Nulle part dans les textes ne sont évoqués ces problèmes de transition, qui auront pourtant des conséquences importantes pour les étudiants actuellement engagés dans un cycle universitaire en vue de présenter les concours d’enseignement. Ceux-ci se retrouvent en quelque sorte confrontés à une rupture de contrat moral, que l’on ne saurait justifier en disant que cela ne concerne qu’une partie des étudiants.

Un autre problème ne saurait être passé sous silence : jusqu’à présent, le lauréat d’un concours d’enseignement devenait fonctionnaire-stagiaire, et était rémunéré à ce titre, dés l’obtention du CAPES, soit au moment de sa cinquième année d’étude suivant le parallèle que j’ai rappelé en introduction.

En transformant le parcours de l’enseignant reçu au concours en cursus universitaire, la cinquième année est une année d’étude comme une autre, et à ce titre n’est aucunement rémunérée.
Là encore, la réforme semble s’adresser uniquement aux étudiants issus d’un milieu social suffisamment favorisé pour assumer cinq ans d’étude sans salaire.
Par ce tour de passe-passe peu glorieux, l’Etat réalise ainsi des économies en repoussant d’une année le début de la rémunération des enseignants, et à long terme en allongeant l’âge auquel l’enseignant pourra partir en retraite avec l’intégralité de ses droits.

De graves problèmes pour l’avenir de certaines disciplines

Un autre problème naît de l’allongement à bac+5 du niveau de diplôme requis pour passer le concours : jusqu’à présent, l’étudiant pouvait après une licence (bac+3) préparer les concours d’enseignement.
Cela ne l’empêchait nullement d’envisager de suivre ensuite un master pour poursuivre éventuellement dans le domaine de la recherche (soit après un échec au concours, quitte à le retenter tout en poursuivant dans la voie de la recherche, soit après un succès, le poste ainsi obtenu réglant le problème du financement pendant la durée des études )

La réforme des concours d’enseignement empêche cette stratégie : puisqu’il faut aller jusqu’à un master professionnel (bac+5) pour prétendre présenter le concours, la voie du master de recherche se ferme automatiquement.

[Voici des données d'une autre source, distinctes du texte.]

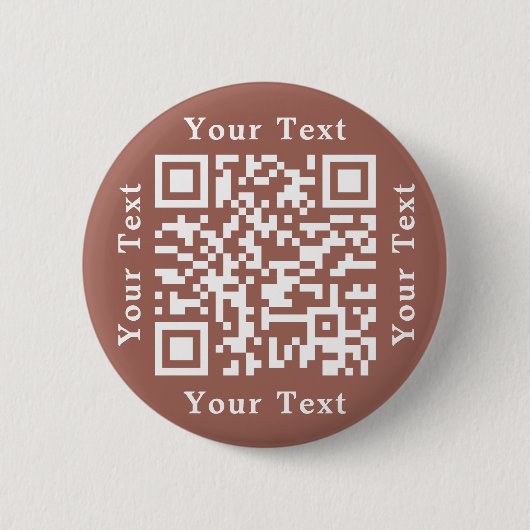 Erstellen von Rust Brown Website URL Prüfung Me QR Button (Vorderseite)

L’étudiant doit donc choisir après sa licence entre un master professionnel d’enseignement qui lui ferme les portes de la recherche et un master recherche qui ne le prépare pas au concours d’enseignement.

Au lieu de laisser ouvertes les deux portes de l’accès aux métiers de l’enseignement et de la recherche, la réforme condamne donc l’étudiant à en fermer une.

Dans certaines disciplines très théoriques dont les masters de recherche ont peu de débouchés dans l’industrie, il y a fort à parier que beaucoup d’étudiants préfèreront jouer la sécurité et choisiront plutôt la filière enseignement, plus apte à leur offrir un emploi.

En résumé, il s’instaurera une concurrence entre masters professionnels « enseignement » et masters recherches qui, dans certaines filières très fondamentales risqueront fort d’entraîner une désertion des seconds au profit des premiers, contribuant à mettre encore plus en danger l’avenir de notre recherche fondamentale.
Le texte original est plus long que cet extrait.